20. One More Thing We Need to DoThirty-Four Years Ago
One More Thing We Need to Do
Instead of getting back in the car, Sam walks.
I try to keep up as he turns onto Green Street, then onto Crown. He seems to know where he wants to go and keeps walking at double-time until he gets there—walking straight into Rough Draft Bar & Books, which is apparently partially a bookstore and partially a bar, because he walks past the shelves of books and up to the counter where he orders two IPAs.
"I don't want one," I say.
"That's good. Since they're both for me."
He puts a twenty on the counter and takes both glasses from the bartender, moves them over to a two-top.
"I guess I'm driving home."
He ignores this. "What did you think of her?"
"What does that matter?"
"I'm curious," he says.
Except that he is not actually curious. He is crazy about her in that way that nothing anyone else says matters.
So I try to think of what he's really asking. I try to think of what Taylor was trying to ask of me. Careful with him.
"I think that if you don't want it to be over with her, it felt like maybe it's not too late," I say.
"No. It's too late."
He says it with a finality that surprises me.
"How do you know?"
"She got married two weeks ago, for starters."
"What?"
He nods. "The guy is a friend of her older brother's. She says they didn't get involved until after we broke up, but I don't know. I don't know how she defines involved," he says. "He's an orthodontist named Sherman. He runs triathlons and plays the drums in a local band. And he's fucking old. He's older than you."
"Thanks for that."
"You want to meet him? His office is around the corner."
"No, I do not."
"He's got teenagers. She loves them. She loves him.
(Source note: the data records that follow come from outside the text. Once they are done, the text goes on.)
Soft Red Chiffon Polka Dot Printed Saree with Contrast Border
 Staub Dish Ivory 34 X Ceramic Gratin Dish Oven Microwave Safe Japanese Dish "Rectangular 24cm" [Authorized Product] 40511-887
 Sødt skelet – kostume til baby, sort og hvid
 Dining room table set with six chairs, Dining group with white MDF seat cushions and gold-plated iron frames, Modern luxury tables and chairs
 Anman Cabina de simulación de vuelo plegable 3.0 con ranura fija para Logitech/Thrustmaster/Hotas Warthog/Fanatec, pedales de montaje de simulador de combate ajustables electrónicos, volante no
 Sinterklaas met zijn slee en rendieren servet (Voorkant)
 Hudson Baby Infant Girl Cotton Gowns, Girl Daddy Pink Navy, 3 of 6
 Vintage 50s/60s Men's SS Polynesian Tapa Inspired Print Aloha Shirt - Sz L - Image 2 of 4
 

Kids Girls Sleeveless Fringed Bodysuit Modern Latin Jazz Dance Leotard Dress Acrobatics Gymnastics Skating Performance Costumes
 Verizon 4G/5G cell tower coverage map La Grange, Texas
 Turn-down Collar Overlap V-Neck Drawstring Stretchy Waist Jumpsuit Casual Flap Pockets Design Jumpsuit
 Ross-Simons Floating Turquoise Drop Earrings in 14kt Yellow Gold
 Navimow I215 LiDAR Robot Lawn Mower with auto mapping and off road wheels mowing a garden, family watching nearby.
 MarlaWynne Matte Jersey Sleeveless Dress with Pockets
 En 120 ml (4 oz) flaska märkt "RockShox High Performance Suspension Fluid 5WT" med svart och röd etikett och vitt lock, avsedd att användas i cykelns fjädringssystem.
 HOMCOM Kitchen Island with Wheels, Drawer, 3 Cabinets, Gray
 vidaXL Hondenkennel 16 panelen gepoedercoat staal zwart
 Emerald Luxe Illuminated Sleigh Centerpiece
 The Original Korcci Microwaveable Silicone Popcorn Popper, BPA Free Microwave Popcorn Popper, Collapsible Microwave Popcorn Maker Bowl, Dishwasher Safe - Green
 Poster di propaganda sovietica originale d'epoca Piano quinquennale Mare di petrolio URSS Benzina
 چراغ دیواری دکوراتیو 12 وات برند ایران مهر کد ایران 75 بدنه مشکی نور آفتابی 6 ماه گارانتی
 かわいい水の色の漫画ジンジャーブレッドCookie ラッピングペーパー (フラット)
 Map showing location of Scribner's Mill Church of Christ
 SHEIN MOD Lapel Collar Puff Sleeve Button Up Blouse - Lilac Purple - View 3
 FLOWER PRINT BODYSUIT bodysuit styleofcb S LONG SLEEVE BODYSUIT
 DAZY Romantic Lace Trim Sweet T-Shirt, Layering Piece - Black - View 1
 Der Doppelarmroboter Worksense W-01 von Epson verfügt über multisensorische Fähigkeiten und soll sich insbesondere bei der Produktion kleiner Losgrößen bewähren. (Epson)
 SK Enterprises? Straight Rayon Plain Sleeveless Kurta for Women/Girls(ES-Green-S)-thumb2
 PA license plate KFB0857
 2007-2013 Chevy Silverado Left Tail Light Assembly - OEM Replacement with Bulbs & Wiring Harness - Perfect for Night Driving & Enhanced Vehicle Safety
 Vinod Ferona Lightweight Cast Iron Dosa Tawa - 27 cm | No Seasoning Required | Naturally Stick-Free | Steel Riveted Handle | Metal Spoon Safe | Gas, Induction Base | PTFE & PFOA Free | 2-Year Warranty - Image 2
She moved into his house after telling me she would never leave the farm." He pauses. "I thought I was the problem, you know? That our family was too messed up for her, or she didn't want to deal with living in a city, or I waited too long to ask her to marry me… but I just thought wrong."
"What do you mean?"
"It was all of those things and none of them," he says. "She just wanted him."
I feel that in my own chest, in my own heart—what is breaking open in him. What he has lost. What, apparently, he is wondering if he ever had.
Two weeks ago. Sam had to come to grips with this heartbreak two weeks ago—two and a half weeks after losing our father. Too soon after deciding that losing our father wasn't what it appeared to be.
I ask the question, gently.
"So… why did you want to stop here?"
"Can't help it. She's always where I want to stop."
Sam stares out the window.
He is lost in thought. And clearly not interested in talking.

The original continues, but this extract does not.